WooHoo! Two Little Free Libraries in a row. Tacoma has a couple of dozen Little Free Libraries which were part of the Little Free Library Project. This Little Free Library was created by a grandfather/granddaughter team is located on the south side of N. 22nd between North Hudson Street and North Ferdinand Street.
This “Little Free Library” is unusual in that it has a two toned blue paint job and some kind of sports boards attached to the side. Inside there are over a dozen books.
Little Free Libraries is part of a community movement which offers free books.
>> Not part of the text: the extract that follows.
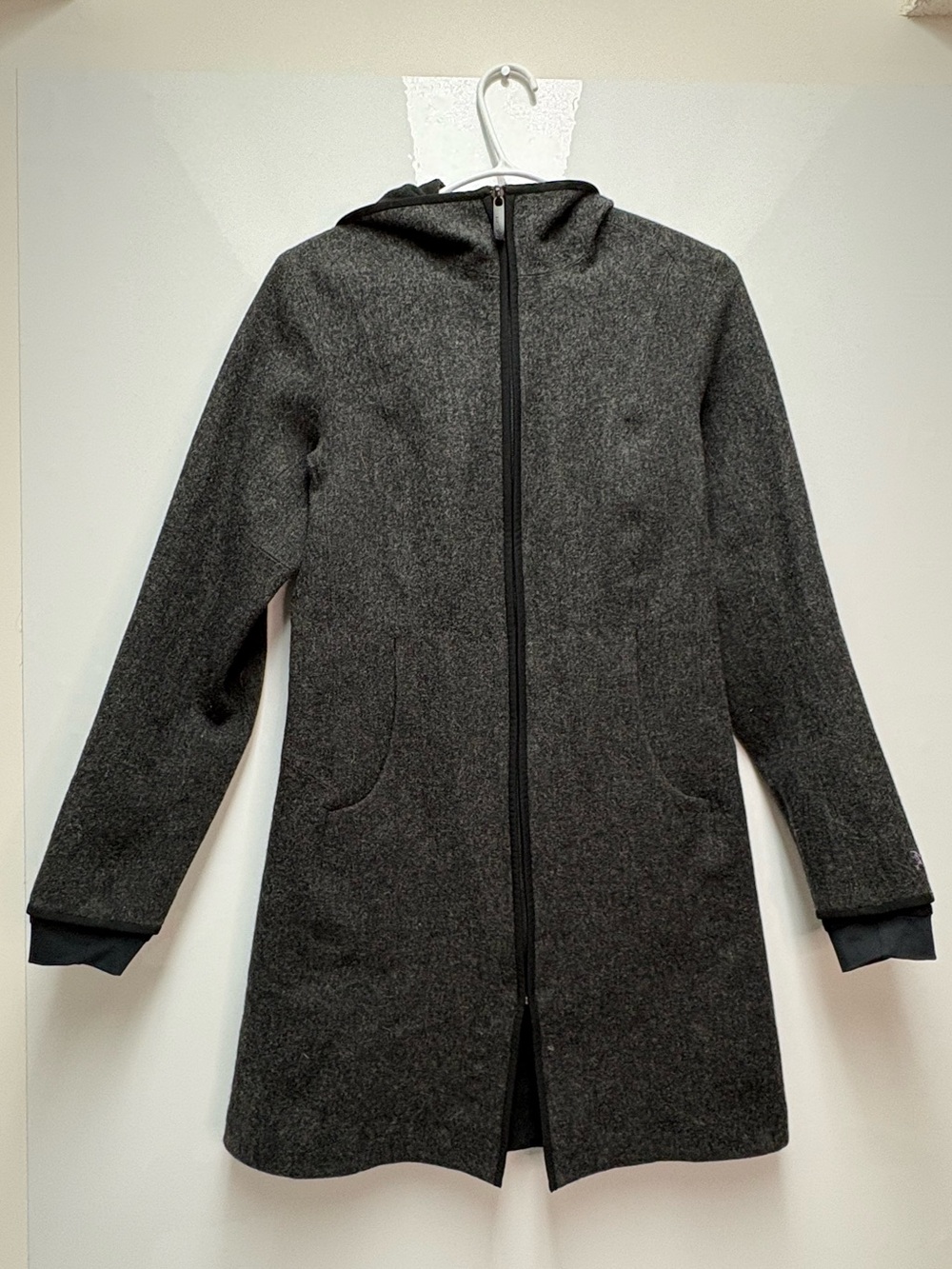 Arc'teryx Lanea Hooded Wool Midi Coat Dark Gray heathered Small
When I considered my first Little Free Library in November 2012, a Wikipedia article informed me that there were over 200 of these libraries. There are now over 15,000! Each of the libraries is registered and can be located by their GPS coordinates. Per the November 2012 website:
To promote literacy and the love of reading by building free book exchanges worldwide.
To build a sense of community as we share skills, creativity, and wisdom across generations
To build more than 2,510 libraries around the world – more than Andrew Carnegie–and then more. (yes, they made that one!)